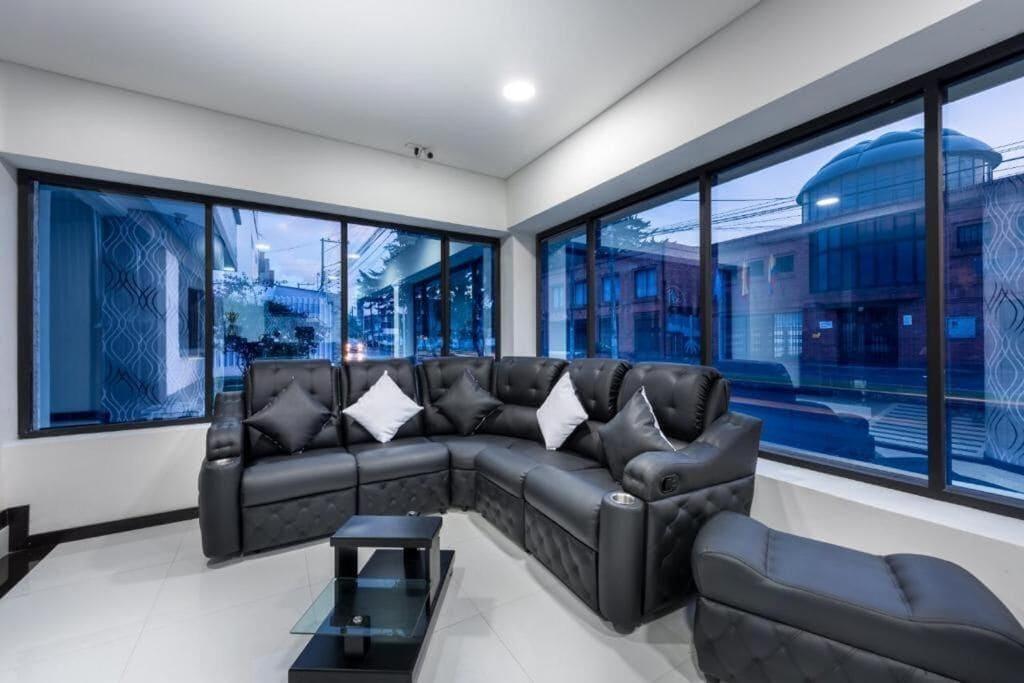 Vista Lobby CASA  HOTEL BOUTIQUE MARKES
=-=-=-=-=
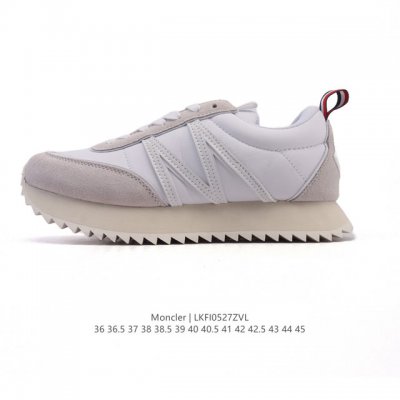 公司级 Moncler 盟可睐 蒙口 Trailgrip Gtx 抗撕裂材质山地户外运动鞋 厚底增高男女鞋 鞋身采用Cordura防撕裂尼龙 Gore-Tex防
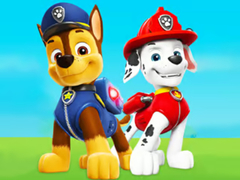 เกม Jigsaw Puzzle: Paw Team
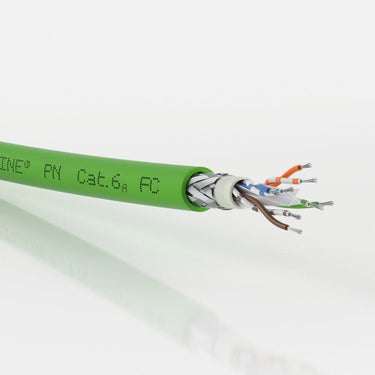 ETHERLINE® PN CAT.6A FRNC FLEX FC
=-=-=-=-=
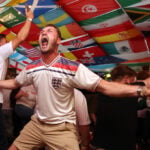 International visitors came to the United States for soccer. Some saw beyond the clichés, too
=-=-=-=-=
**Your objective**
When you reach the line holding "เกม Jigsaw Puzzle: Paw Team" in the listing above, begin retyping exactly, and stop once the line holding "ETHERLINE® PN CAT.6A FRNC FLEX FC" is done; pictures stay out.

**Response**
 เกม Jigsaw Puzzle: Paw Team
 ETHERLINE® PN CAT.6A FRNC FLEX FC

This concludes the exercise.